Assim, um jornalismo que se pretenda libertador e transformador precisa ter um compromisso amoroso com uma outra idéia de sociedade, com divisão da riqueza, com sujeitos cientes de sua força e beleza. O jornalismo libertador trabalha então com o suposto da alteridade, na medida em que é capaz de pensar o outro como outro, diferente, mas real. Trabalha com a idéia de que é preciso contar as histórias dos oprimidos, dos deserdados, dos desvalidos, das vítimas, que é preciso narrar o mundo do ponto de vista da realidade desse outro, que está fora do centro. . Tem, portanto, um compromisso ético com a corporalidade, porque, segundo Dussel, o critério universal em que se funda a ética é a vida mesma. Para ele, viver, simplesmente viver, nesse mundo em que um assassina o outro, passa a ser uma exigência ética. E a libertação do corpo, da opressão e da miséria, é o único pressuposto ético possível.
Mas como praticar esse jornalismo libertador na rádio comunitária. É simples! Basta que estejamos preparados para olhar o mundo com os olhos da alteridade. Já sabemos que carregamos conosco uma “mala”, repleta de pré-supostos e pensares sobre o mundo. Por isso, o que fará de nós um jornalista libertador será justamente a capacidade de realizar este encontro: o rosto de um ser, diante do rosto de outro ser, livres. Saber ouvir o outro, saber encarar o outro, apesar de todas as diferenças.
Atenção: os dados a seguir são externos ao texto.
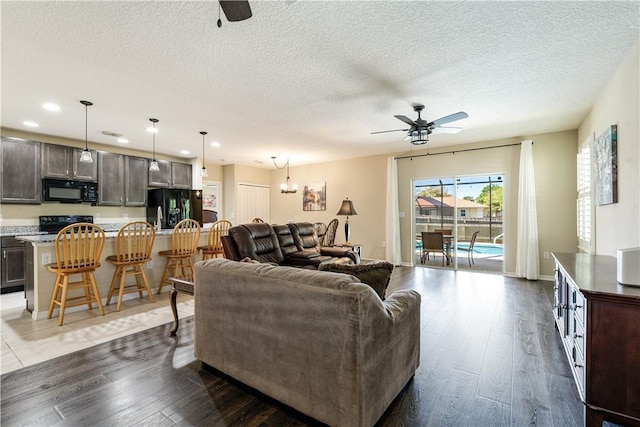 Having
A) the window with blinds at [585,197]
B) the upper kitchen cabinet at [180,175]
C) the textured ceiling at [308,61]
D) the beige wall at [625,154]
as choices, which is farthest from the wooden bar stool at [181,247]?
the window with blinds at [585,197]

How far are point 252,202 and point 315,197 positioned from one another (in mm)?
1881

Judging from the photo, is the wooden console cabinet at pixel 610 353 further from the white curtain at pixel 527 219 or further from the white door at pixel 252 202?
the white door at pixel 252 202

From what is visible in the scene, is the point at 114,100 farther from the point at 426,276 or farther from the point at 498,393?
the point at 426,276

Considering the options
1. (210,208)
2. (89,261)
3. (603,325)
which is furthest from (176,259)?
(603,325)

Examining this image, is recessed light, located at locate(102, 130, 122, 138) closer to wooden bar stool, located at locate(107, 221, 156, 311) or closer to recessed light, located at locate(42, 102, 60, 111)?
recessed light, located at locate(42, 102, 60, 111)

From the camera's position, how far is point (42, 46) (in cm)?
238

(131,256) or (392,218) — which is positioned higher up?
(392,218)

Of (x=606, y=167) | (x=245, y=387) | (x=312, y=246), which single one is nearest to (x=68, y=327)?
(x=245, y=387)

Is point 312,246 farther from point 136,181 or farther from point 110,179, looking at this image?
point 110,179

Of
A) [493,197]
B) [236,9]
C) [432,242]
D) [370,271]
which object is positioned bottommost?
[432,242]

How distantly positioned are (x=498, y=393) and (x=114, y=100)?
474 cm

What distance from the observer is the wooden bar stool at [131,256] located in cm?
359

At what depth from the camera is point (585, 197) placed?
4004mm

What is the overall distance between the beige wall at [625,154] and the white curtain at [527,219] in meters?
1.88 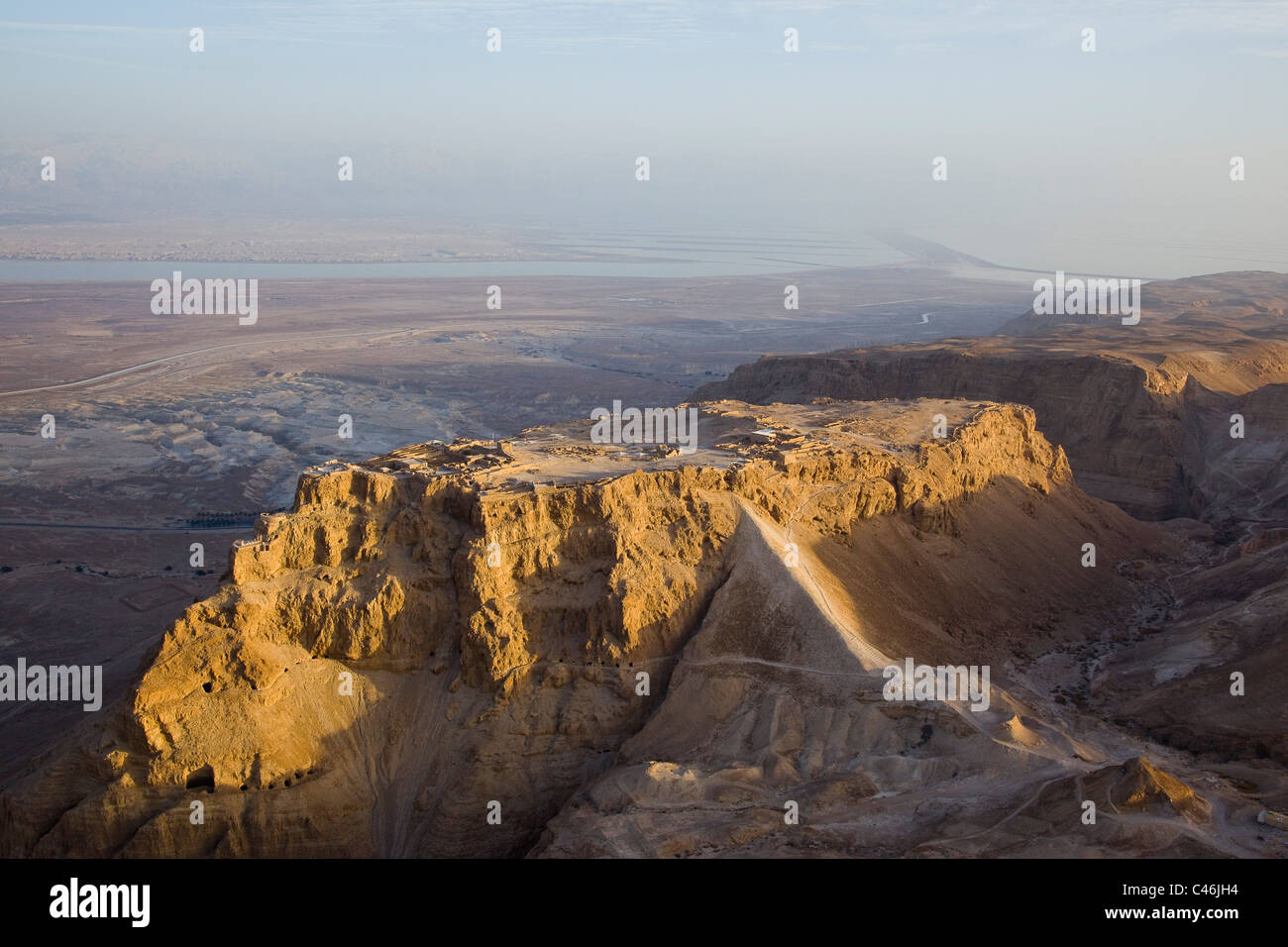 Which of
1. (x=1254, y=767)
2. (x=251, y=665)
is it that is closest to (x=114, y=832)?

Vale lembrar então, alguns dos elementos que vêm suleando (ver a partir do sul) o trabalho que tenho desenvolvido há anos, no âmbito da sala de aula e nas comunidades, em comunhão com dezenas de alunos e gente do povo. O primeiro é olhar o mundo a partir do ponto de vista local. Analisar e refletir toda a realidade que cerca a comunidade, desvelar seu contexto, saber como a comunidade nasceu, quais são suas referências, qual o papel que representa no todo municipal, quais sonhos e desejos embalam seus moradores, quais os nexos que formam com o estadual, com o nacional, com o continente e o mundo, enfim, um retrato do visível e do invisível..
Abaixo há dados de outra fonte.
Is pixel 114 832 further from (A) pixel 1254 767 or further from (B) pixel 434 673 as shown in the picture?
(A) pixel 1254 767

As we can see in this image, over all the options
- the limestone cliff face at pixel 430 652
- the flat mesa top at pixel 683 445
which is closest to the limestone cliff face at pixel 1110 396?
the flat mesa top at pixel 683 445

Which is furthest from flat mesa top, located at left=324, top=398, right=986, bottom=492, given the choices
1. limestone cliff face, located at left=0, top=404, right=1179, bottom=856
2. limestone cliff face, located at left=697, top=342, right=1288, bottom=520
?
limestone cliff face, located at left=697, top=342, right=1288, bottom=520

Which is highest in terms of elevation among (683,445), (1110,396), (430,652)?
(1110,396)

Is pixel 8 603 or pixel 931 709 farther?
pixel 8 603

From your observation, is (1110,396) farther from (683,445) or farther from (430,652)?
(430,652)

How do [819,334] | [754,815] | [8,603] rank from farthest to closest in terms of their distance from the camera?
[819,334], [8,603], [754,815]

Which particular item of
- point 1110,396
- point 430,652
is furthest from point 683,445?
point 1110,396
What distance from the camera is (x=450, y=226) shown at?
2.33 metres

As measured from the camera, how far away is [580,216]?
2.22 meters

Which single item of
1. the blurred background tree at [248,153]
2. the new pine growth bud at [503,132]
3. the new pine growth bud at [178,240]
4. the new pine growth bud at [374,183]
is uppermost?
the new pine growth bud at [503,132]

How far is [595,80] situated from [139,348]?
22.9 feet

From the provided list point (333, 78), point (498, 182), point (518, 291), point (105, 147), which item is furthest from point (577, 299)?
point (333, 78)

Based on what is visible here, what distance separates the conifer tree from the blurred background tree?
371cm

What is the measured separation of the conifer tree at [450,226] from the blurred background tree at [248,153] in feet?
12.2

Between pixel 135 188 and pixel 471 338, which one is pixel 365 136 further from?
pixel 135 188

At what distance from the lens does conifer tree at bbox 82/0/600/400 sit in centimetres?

O segundo elemento da teoria é o ser. No jornalismo libertador, a fonte não é objeto, é sujeito. Deixa de ser chamada de fonte, conceito que a coisifica e passa a ser tratada como ser, real, com nome e sobrenome.
Na proposta do jornalismo libertador, aquele que repassa informação, que conta uma história, que entrega sua dor, seus sonhos, sua vida, nas mãos de um repórter, precisa ser visto na sua inteireza. Precisa ser tratado como sujeito, como com-panheiro, partilhador de caminhada. E aí se estabelece uma outra relação, amorosa. Mas não no sentido do amor sentimento, que se esgota. E sim, como ensina Dussel , no caminho do amor compromisso, na ética de libertação.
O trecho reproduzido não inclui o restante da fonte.